Our method enables precise depth control over object placement and scene composition in a image. It introduces a zero-shot compositing strategy that fuses depth based layers using internal features of pretrained diffusion models, producing realistic results without the need for post-processing. We demonstrate high-quality edits in scene compositing and object insertion, achieving accurate depth ordering and visual consistency.
Depth-Guided Layer Decomposition: A novel layering method to decompose a given image into editable layers using its depth map and a user-specified depth value.
Feature-Guided Layer Compositing: A zero-shot method that leverages pretrained diffusion models to progressively blend multiple layers with feature guidance, ensuring photorealistic lighting and color harmonization.
Depth-Aware Editing Applications: Demonstrates the effectiveness of depth-based layering in novel editing tasks such as object insertion and scene compositing at a user-specified depth.

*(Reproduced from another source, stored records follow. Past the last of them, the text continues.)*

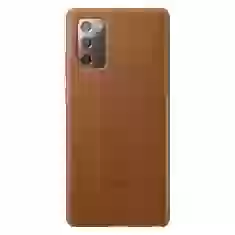 Чохол Samsung Leather Cover для Samsung Galaxy Note 20 N980 Brown (EF-VN980LAEGRU)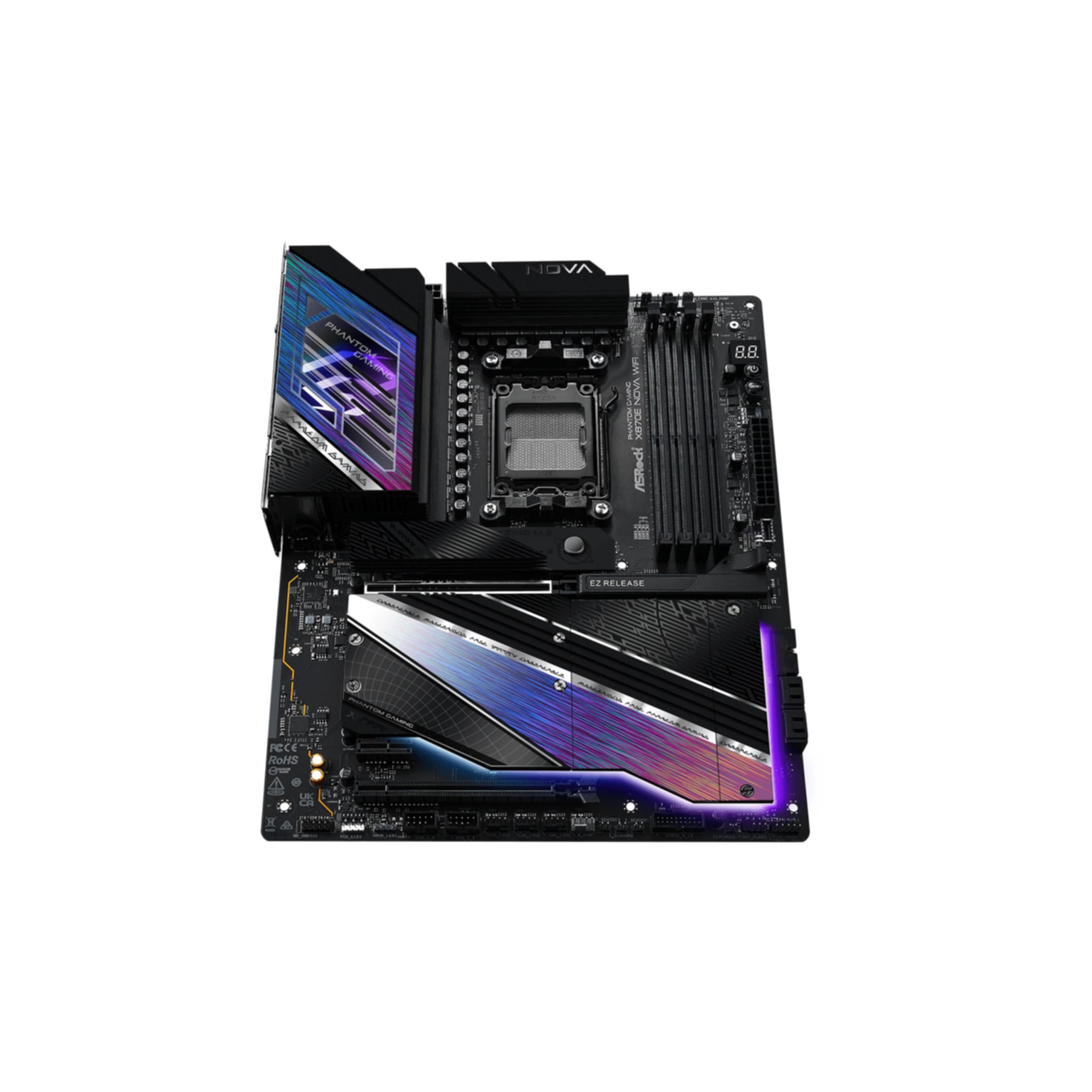 Asrock Mainboard »MK X870E NOVA WIFI«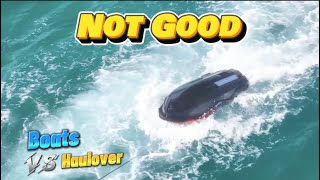 Capsized  Boats vs Haulover Inlet [upl. by Nayrda]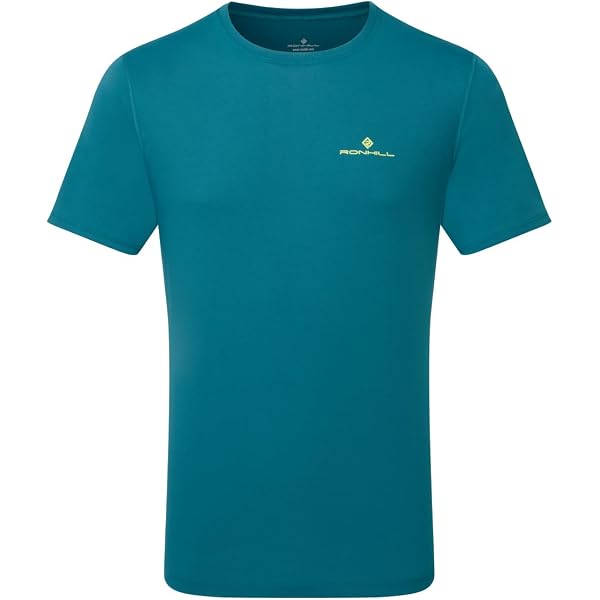 Ronhill - T-shirt Technique Manches Courtes Homme - Tissu Respirant Vapourlite - Pour Sport Et Loisirs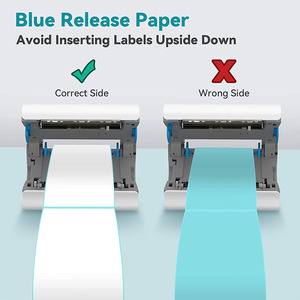 Rollo de etiquetas térmicas adhesivas, 100x150, 4x6 - Product Image 4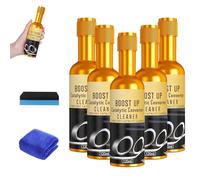 Generico Instant Car Exhaust Handy Cleaner, Catalytic Converter & Fuel System Cleaner, Exhaust Pipe Carbon Removal Cleaner, Engine Carbon Cleaner for Performance Optimization (5pcs)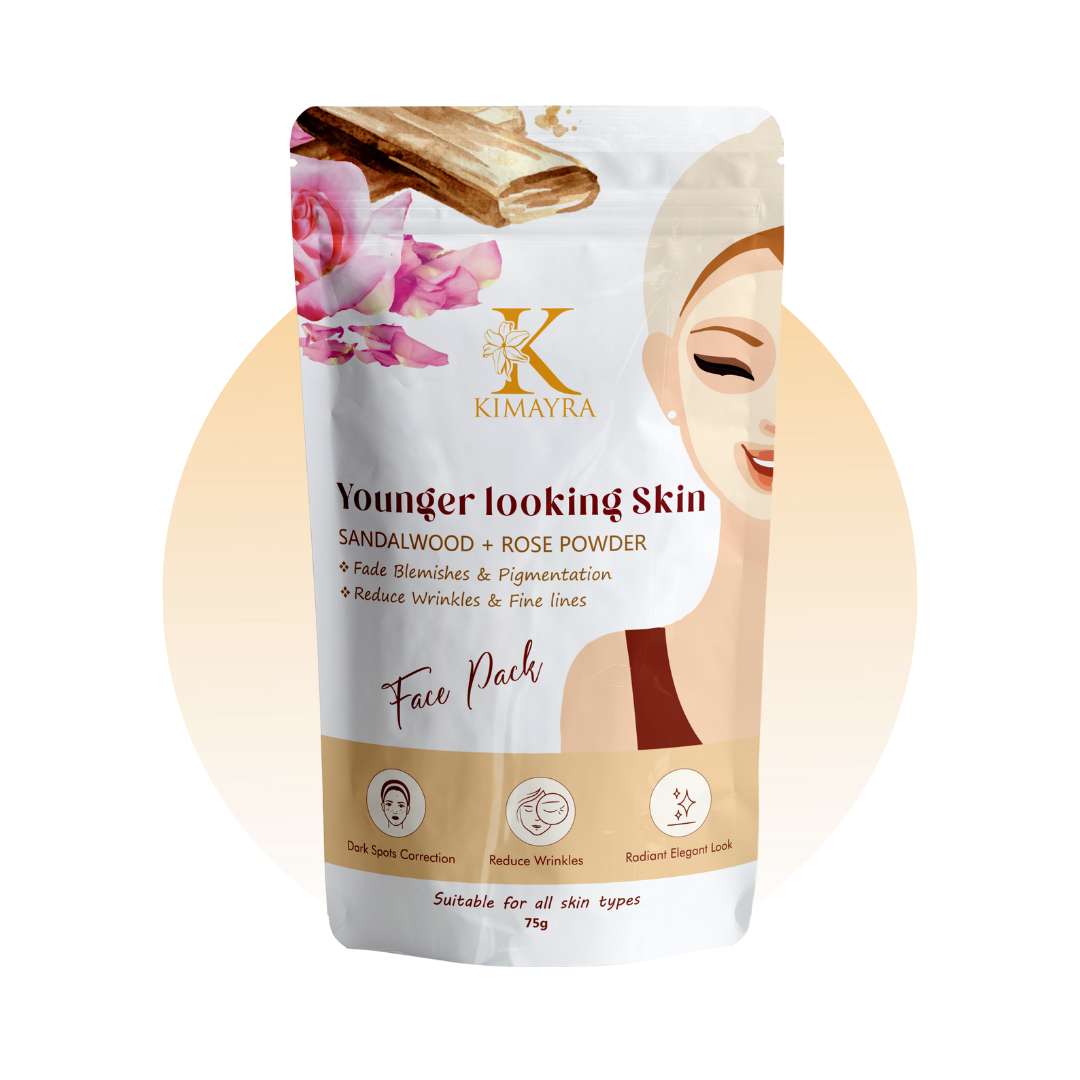 Sandalwood and Rose Facepack Front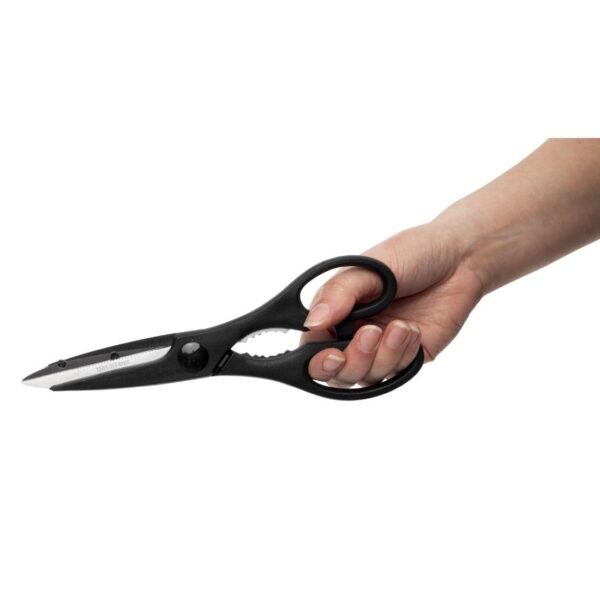 Vogue Serrated Scissors - 7in - Image 6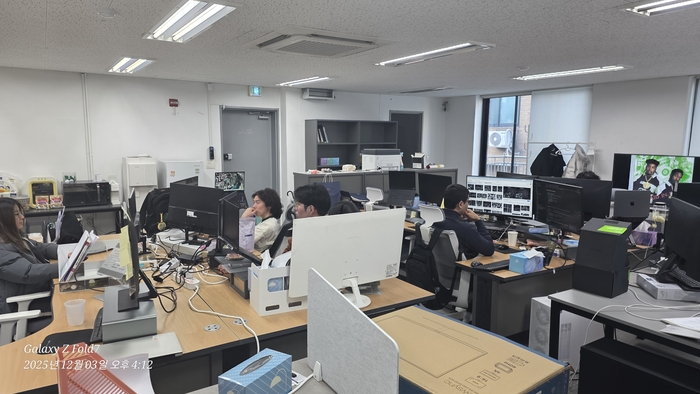 이안하이텍 연구소 내부 전경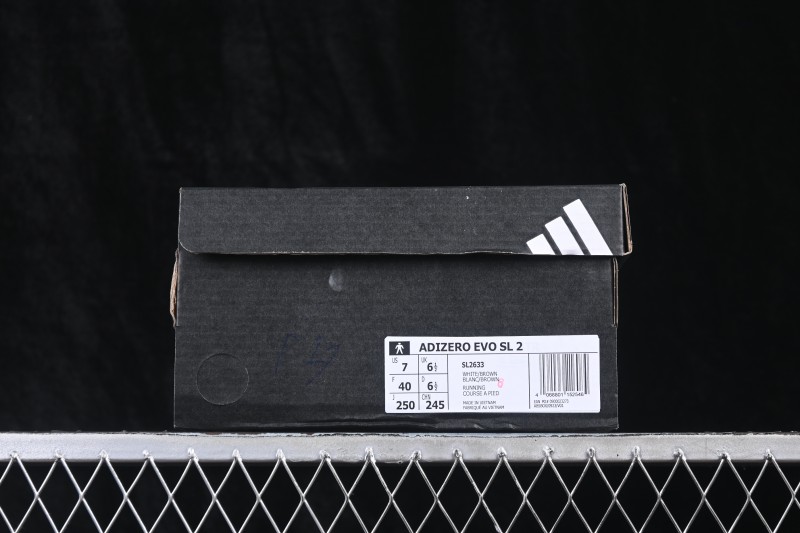 Adidas Adizero Evo 2 SL Ultra-Lightweight Breathable Cushioned Running Shoes - SL2633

In this work, we introduce a generalized zero-shot framework for depth-aware image editing. Our approach enables realistic scene editing, such as object insertion at specific depths and blending a scene's foreground with another's background while preserving the identity of the input scene. The key idea is to integrate Depth-Guided Layer Decomposition (DeGLaD) in the feature space of diffusion models. Specifically, we propose Feature-Guided Layer Composition (FeatGLaC), a layered guidance mechanism on the feature space of denoising UNet model which allows for image editing by progressively steering the latents toward the desired edit while maintaining the orignal scene appearance throughout the denoising process. We validate our approach on three depth-aware editing tasks:
Depth Guided Layer Decomposition (DeGLaD) is an efficient 2.5D scene representation that allows for depth-aware editing. However, when directly applied in the pixel space, it struggles to model the accurate foreground and background scene interactions, particularly in terms of scene lighting, color harmonization, and shadow generation (as shown below). To address this, our approach leverages the rich image generation priors from pretrained image diffusion models via FeatGLaC. This enables depth-consistent, realistic scene compositions while preserving details in foreground and background regions.
Drag the slider to see the comparison with DeGLaD in Image space.
Scene depth serves as an effective representation to model the underlying scene geometry and enables enhanced control over 3D scene structure. This motivates us to represent the scene as foreground and background layer based on user given depth. Given an input image, its depth map, and a user-specified depth d, DeGLaD decomposes the image into foreground (depth < d) and background (depth > d) layers based on the scene depth. This decomposition enables precise depth-aware editing via independent editing of each layer,
\[ \mathbf{M_{\text{fg}}(i,j)} = \mathbb{I} \left( D(i,j) < d \right), \quad \mathbf{M_{\text{bg}}(i,j)} = \mathbb{I} \left( D(i,j) \geq d \right) \]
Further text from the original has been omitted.